This Warm Winter Salad is a hearty and comforting dish, perfect for colder days when you crave something fresh yet filling. Combining roasted root vegetables like sweet potatoes and carrots with earthy greens like kale or spinach, this salad is both nutritious and satisfying. Toasted nuts, creamy goat cheese, and a tangy balsamic dressing add layers of texture and flavor, making it an ideal dish for lunch or dinner. The warmth of the roasted veggies brings out the sweetness in the vegetables, while the dressing ties everything together with a burst of acidity and a hint of sweetness.
Ingredients:
- 2 medium sweet potatoes, peeled and diced
- 2 large carrots, peeled and sliced
- 1 red onion, thinly sliced
- 2 tablespoons olive oil
- Salt and pepper to taste
- 4 cups kale or spinach, chopped
- 1/2 cup crumbled goat cheese or feta
- 1/4 cup toasted walnuts or pecans
- 1/4 cup dried cranberries
- 2 tablespoons balsamic vinegar
- 1 tablespoon maple syrup
- 1 teaspoon Dijon mustard
Instructions:
- Preheat the oven to 400°F (200°C). Line a baking sheet with parchment paper.

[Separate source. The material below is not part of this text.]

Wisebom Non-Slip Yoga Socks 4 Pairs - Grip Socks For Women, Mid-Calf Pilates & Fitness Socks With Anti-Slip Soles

- Toss the sweet potatoes, carrots, and red onion with olive oil, salt, and pepper. Spread the vegetables evenly on the prepared baking sheet.
- Roast the vegetables in the oven for 25-30 minutes, or until tender and caramelized, stirring halfway through.

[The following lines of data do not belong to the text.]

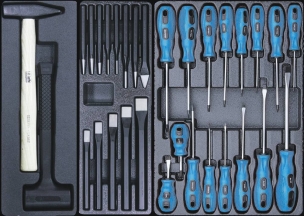 Servante d'atelier 7 tiroirs composée de 243 outils - modules PVC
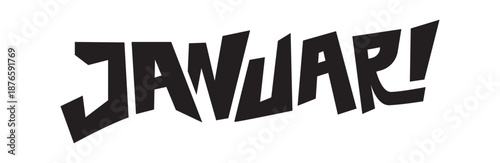 Modern slanted "JANUARI" typography with sharp terminals. Dynamic black vector lettering for professional presentations and contemporary monthly scheduling designs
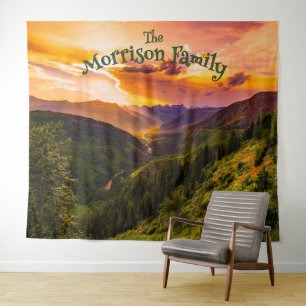 Fun Retro Mushrooms Family Reunion Photo Backdrop Tapestry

- While the vegetables are roasting, prepare the dressing by whisking together the balsamic vinegar, maple syrup, and Dijon mustard in a small bowl.

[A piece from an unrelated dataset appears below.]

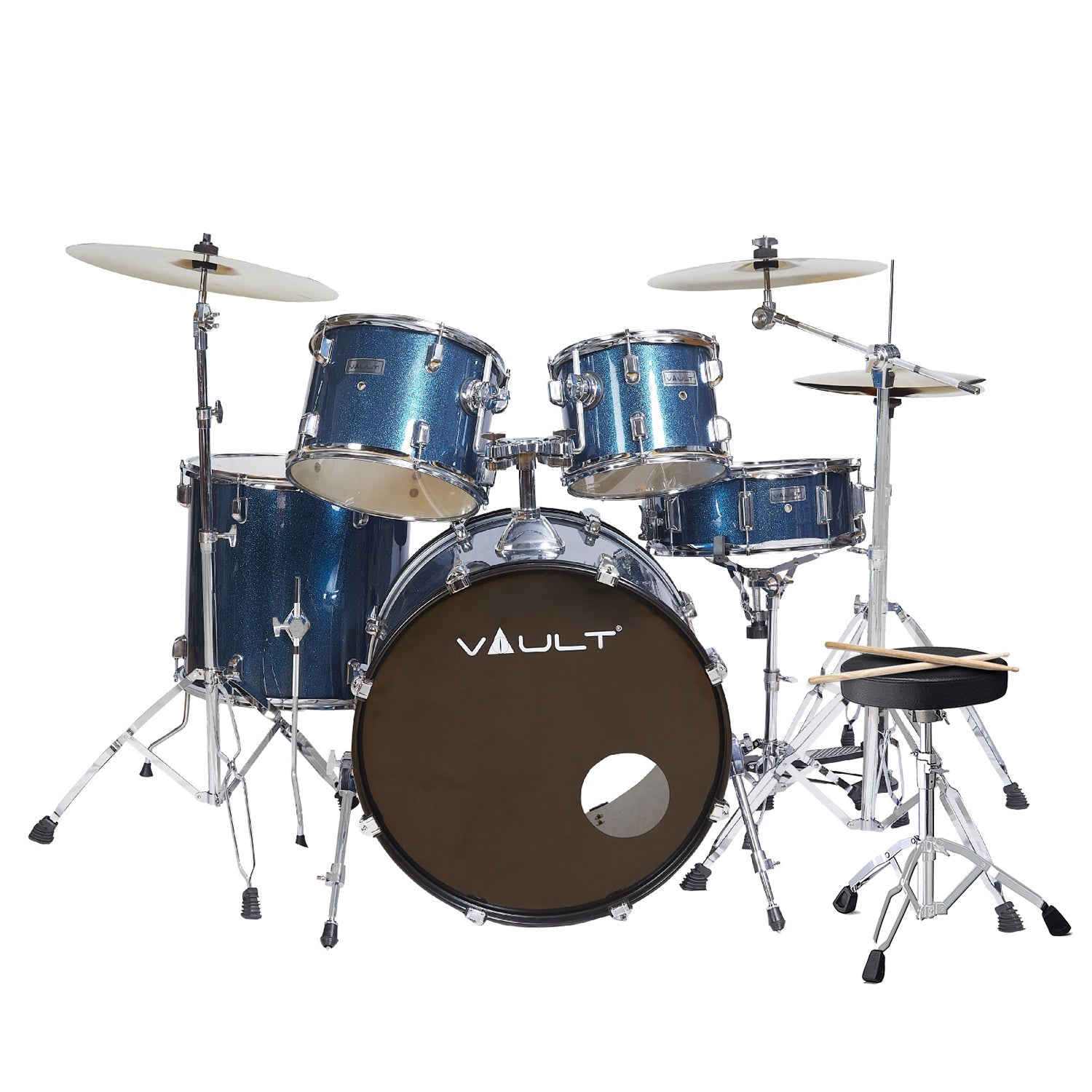 Vault Acoustic Drum Kits Vault Groover 22" 5-Piece Acoustic Drum Kit with Hardware, Cymbals & Throne #color_blue-sparkle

- In a large bowl, combine the chopped kale or spinach with the warm roasted vegetables, allowing the greens to wilt slightly from the heat.
- Top the salad with crumbled goat cheese, toasted nuts, and dried cranberries.
- Drizzle the balsamic dressing over the salad and toss gently to combine all the flavors.
- Serve immediately while still warm, and enjoy the cozy flavors of this wintery salad!